Título: Minério de ferro poderá ter preços diferentes em 2008
Autor: Durão, Vera Saavedra
Fonte: Valor Econômico, 14/02/2008, Empresas, p. B7

O novo aumento do preço do minério de ferro para 2008 pode ser tão alto a ponto de ameaçar a quebra de um paradigma de negociação que impera há décadas no setor entre as três grandes fornecedoras do produto. Além da queda de braço com as siderúrgicas que continuam a recusar um reajuste acima de 30%, já há divergências entre mineradoras. A Vale do Rio Doce, de um lado, e as australianas BHP Billiton e Rio Tinto, do outro, negociam em bases distintas de reajustes com seus clientes. Isso levar a dois níveis de preços.

A BHP Billiton está brigando para incluir no reajuste um diferencial de frete da ordem de US$ 25 a tonelada. Isso é quanto pagam a menos as usinas na rota Austrália-China em relação ao transporte do minério do Brasil para portos chineses, hoje na faixa de US$ 50.

"A BHPBilliton quer capturar uma parte dessa diferença no preço do produto entregue no porto.. O preço das australianas ficaria acima do da Vale. Hoje, o que predomina é o 'benchmark' - não existe diferença na tonelada de minério, independente da origem", disse ao Valor uma fonte próxima das negociações. "Como vale o primeiro reajuste fechado, caberá aos clientes aceitarem ou não as novas regras do jogo", acrescentou.
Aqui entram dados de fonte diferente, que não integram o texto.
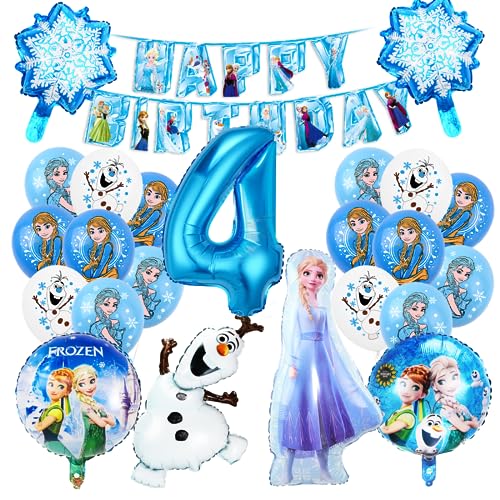 Blau Theme Geburtstag Deko 4 Jahre Mädchen 26 Stück Luftballons Geburtstagsdeko Folienballon Latex Ballons für Kindergeburtstag Party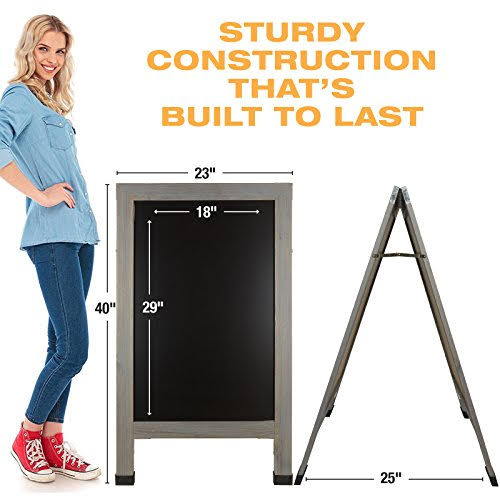 Heavy-Duty Sandwich Board Sidewalk Chalkboard Sign with Chalk Markers, Stencil Set, Chalk, Eraser Z75856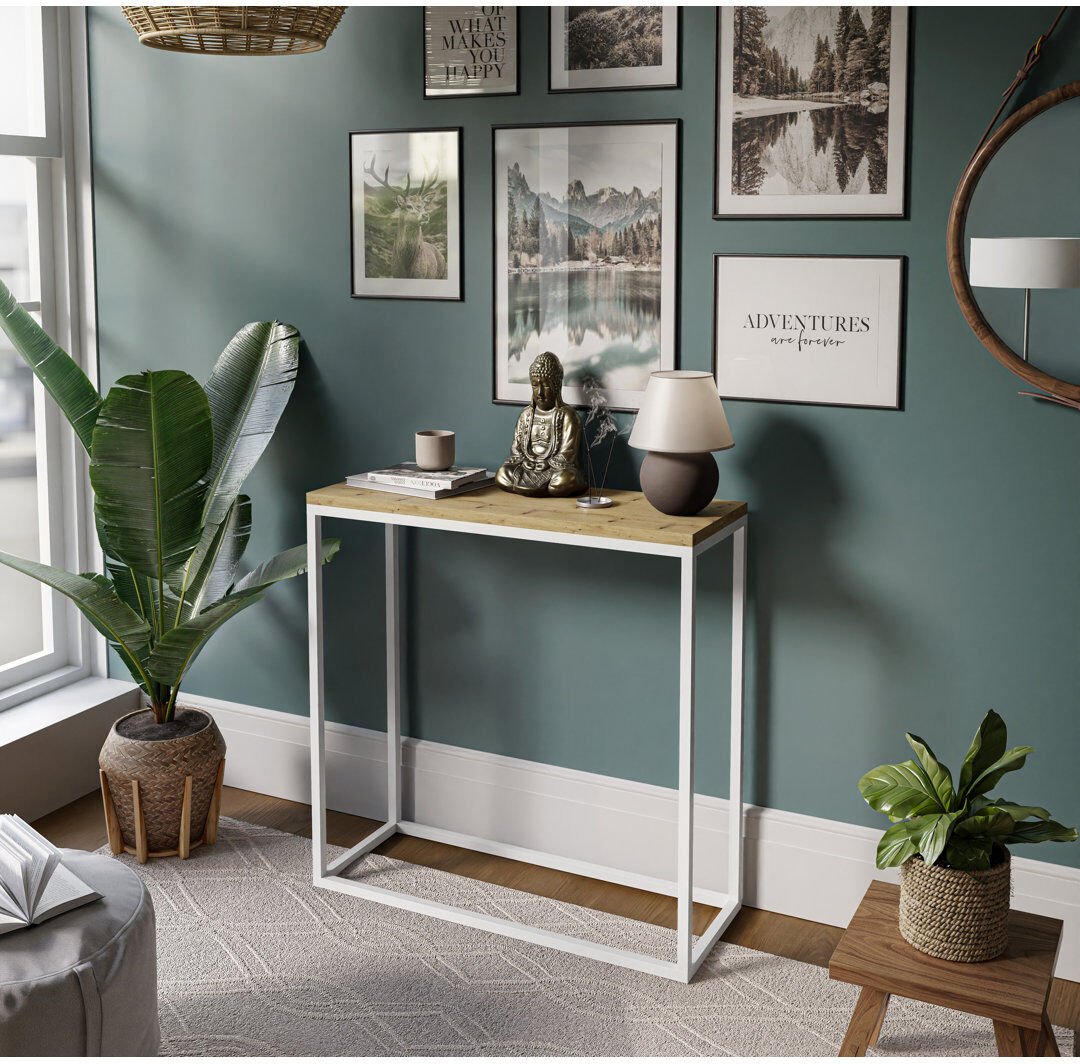 Zipcode Design Burmaster Console Table Artisan Oak/White 80cm H x 80cm W x 30cm D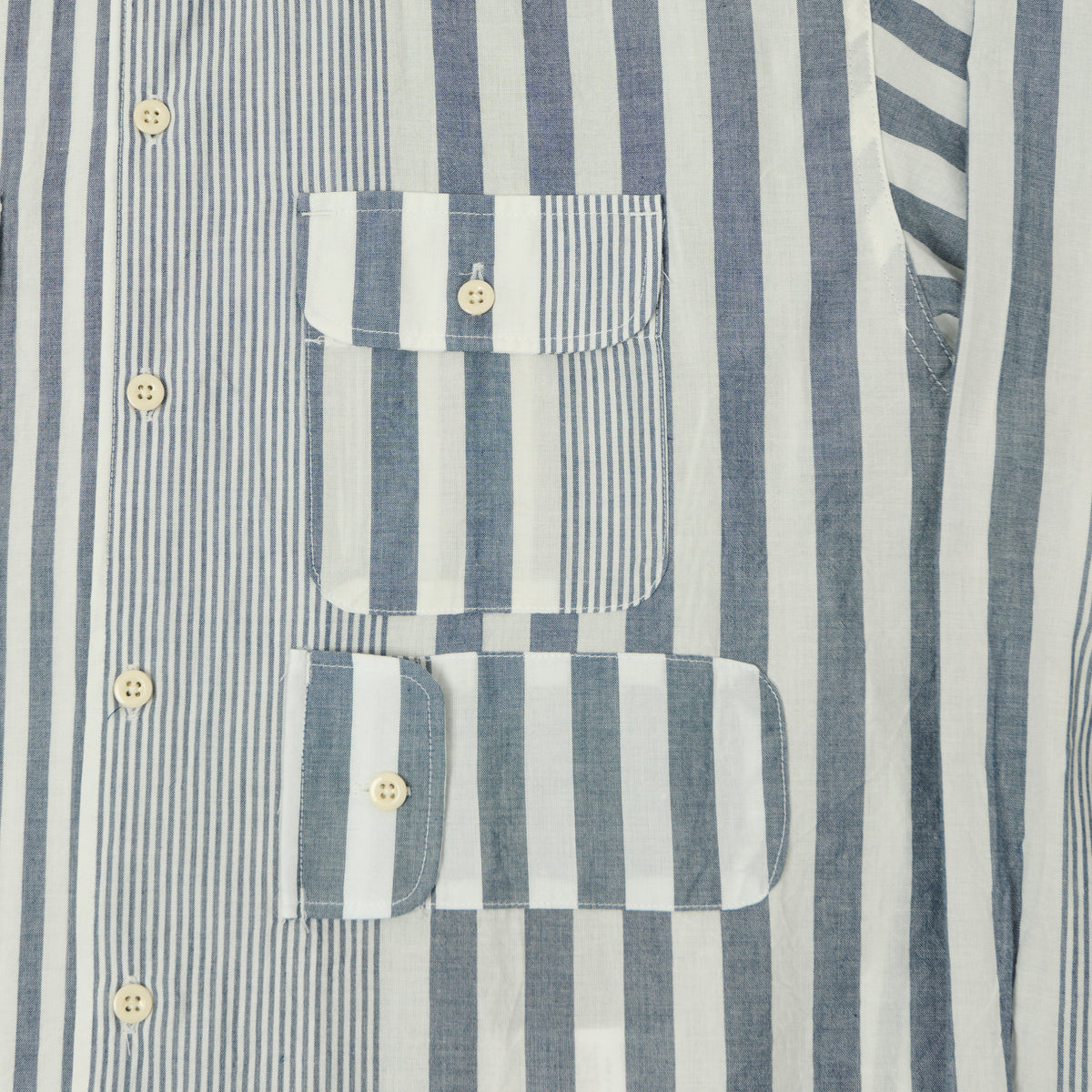 Engineered Garments Striped Chambray Bowling Shirt - Blue/White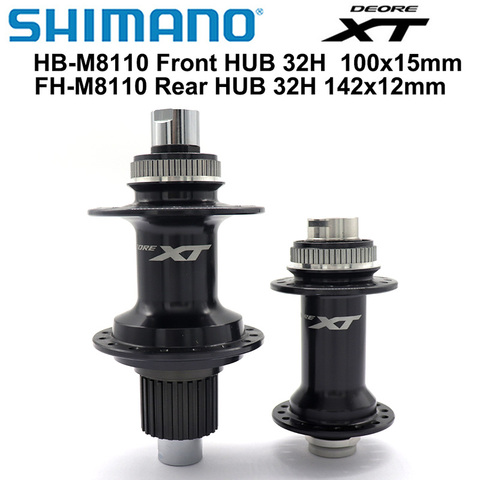 SHIMANO-cubo de bicicleta DEORE XT M8110 FH BH M8100, Shimano, 12s HUB, 32H, cerradura central, 142x12mm, 100x15mm, MICRO SPLINE Hub E-THRU, eje de bicicleta 12s ► Foto 1/3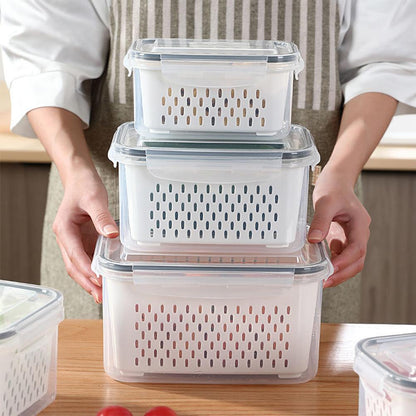 Refrigerator Storage Box with Drain Basket S - 800ml by HitMyNeed
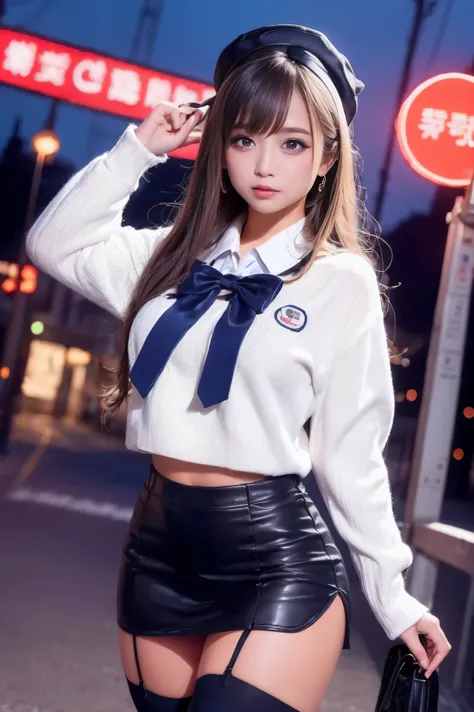 high-angle shot、street snap、a baby face wearing a short skirt and bow tie standing on a neon street in the middle of the night(t...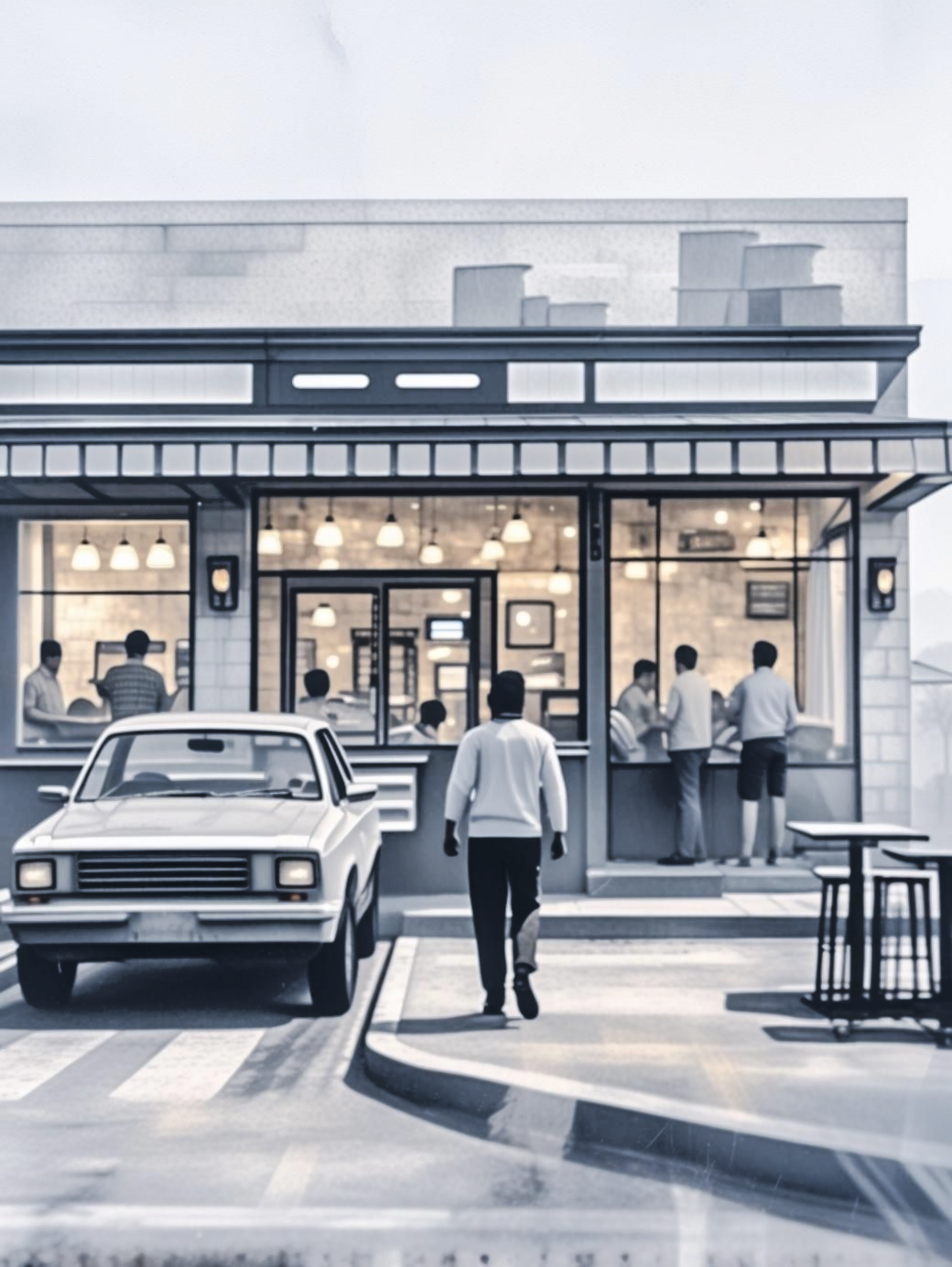 A person walks toward a cafe with a white truck parked in front. People inside cafe.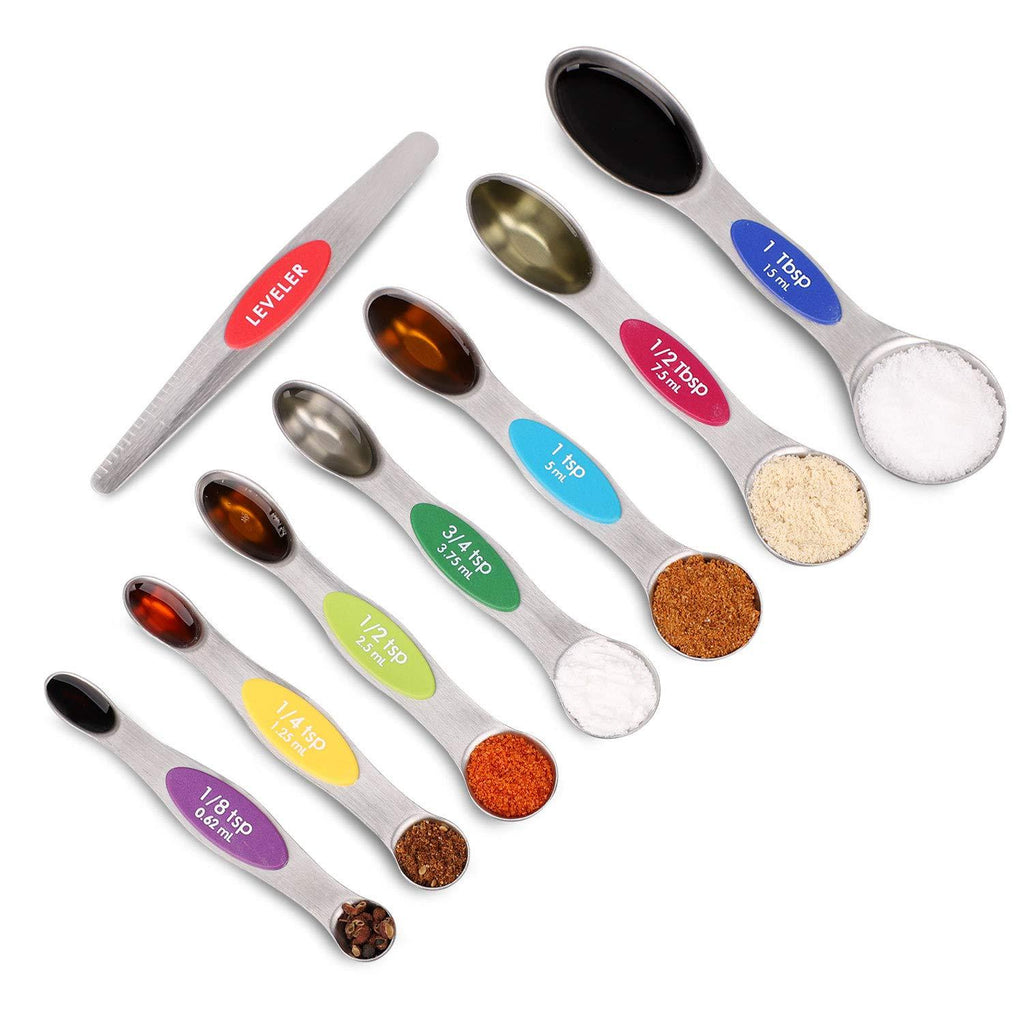  [AUSTRALIA] - PAKITNER Magnetic Measuring Spoons Set, Dual Sided, Stainless Steel, Fits in Spice Jars, Multi-Color, Set of 8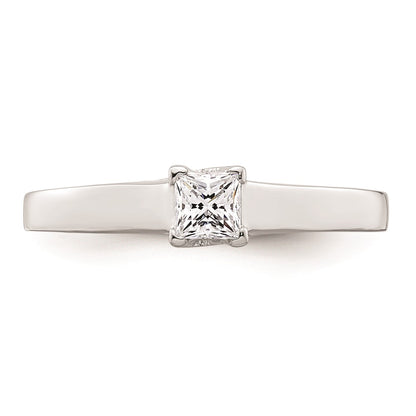 0.25ct. CZ Solid Real 14k White Gold Square Solitaire Engagement Ring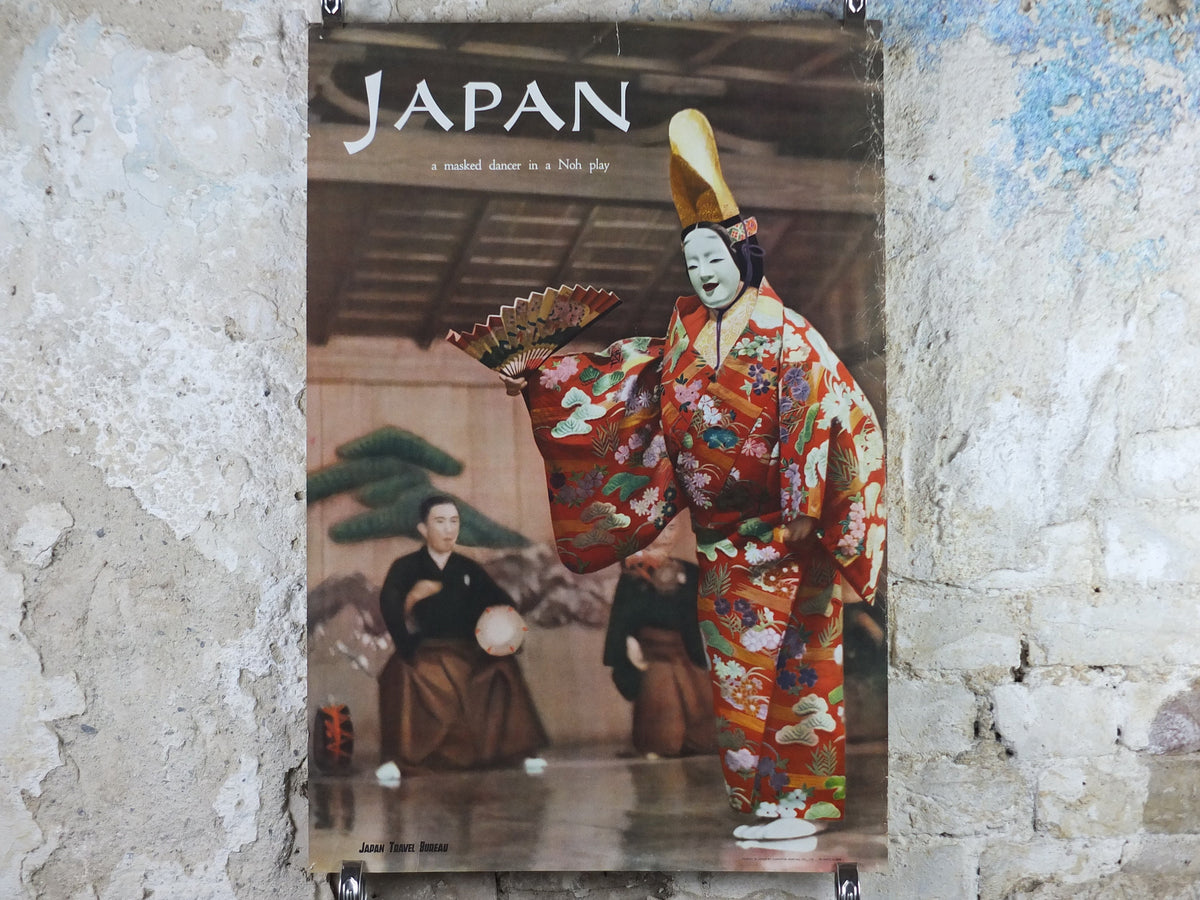 1970s Japan Travel Poster, Masked Dancer in Nobu Play, Japan Travel Bureau, travel tourism advertising print wall art retro 1960s 1968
Para o analista da Brascan Corretora, Rodrigo Ferraz, isso é inusitado. "Seria uma quebra de paradigma forte demais para acontecer. Acho muito difícil que se fixe dois preços diferentes. En um horizonte de um a dois anos pode não fazer mais sentido se a oferta e procura do mercado se reequilibrar e uma nova frota de navios mais moderna entrar em operações. Para mim é impossível um mercado regulado com preço FOB e outro com CIF".

Eduardo Rocha, especialista em mineração do Banco Modal, avalia que a negociação está complicada e difícil e as perspectivas são de um reajuste forte, acima de 50%. As siderúrgicas estão tentando minimizar o crescimento da produção de aço. Segundo ele, a questão do frete complica, mas está sendo posta na mesa pelos australianos desde 2007. "Eles tentaram endurecer muito a negociação neste ponto, chegando a ameaçar de não fechar contratos de longo prazo e vender somente no mercado spot se não tivesse o diferencial de preço". Mas a ameaça não surtiu efeito e neste ano pode ter algum tipo de evolução, acrescenta. "Creio que poderá ser mais viável se a BHPBilliton comprar a Rio Tinto".

Na visão dos analistas, a BHP poderá acertar com os chineses, com quem se entende bem, uma cláusula que inclui o diferencial de preço nos seus contratos de venda enquanto perdurar o desequilíbrio no preço CIF. Se a Vale for a primeira a fechar o reajuste com os chineses, como correu nos últimos dois anos, os australianos podem depois tentar negociar o diferencial de frete com seus clientes.

Na mesa de negociações, a Vale estaria barganhando reajuste de 70% a 80%, segundo fontes, enquanto os australianos, pelas razões mencionadas, chegando a pedir mais de 100%. Nesse confronto, as siderúrgicas não vêem espaço para um índice acima de 30% e procuram ganhar tempo. Um interlocutor ligado a uma trading japonesa disse que a estratégia da indústria do aço é apostar no aprofundamento da recessão americana: isso poderia derrubar as taxas de crescimento da economia mundial, inclusive da China. "Quanto mais tempo demorar a negociação, melhor para as usinas de aço".

As mineradoras, por seu lado, estão apostando que até o fim de fevereiro haverá um desfecho. Com base num mercado muito apertado, fato inédito na história do minério de ferro, elas já apostam que 2008 poderá ser o recorde de alta de preços do produto, depois dos 71,5% de 2005. Para os próximos anos, avaliam que o desequilíbrio entre oferta e demanda não será tão significativo e, por isso, brigam para negociar um patamar bem alto agora, que existe espaço. Cada vez mais as usinas de aço estão se verticalizando, buscando ter suas próprias minas, como fez recentemente a Usiminas, que vai garantir sua auto-suficiência. A líder global, Arcelor Mittal, tem quase 50% de oferta própria e mira 75%.

Os seguidos aumentos de preço têm incentivado novos concorrentes para as três grandes, como Anglo American, MMX e CSN. Isso poderá criar até superávit na oferta e justifica a busca de maior consolidação no setor e garantia de um nível elevado de preço. Segundo informação, nos anos 80 uma tonelada valia menos que "um cacho de banana".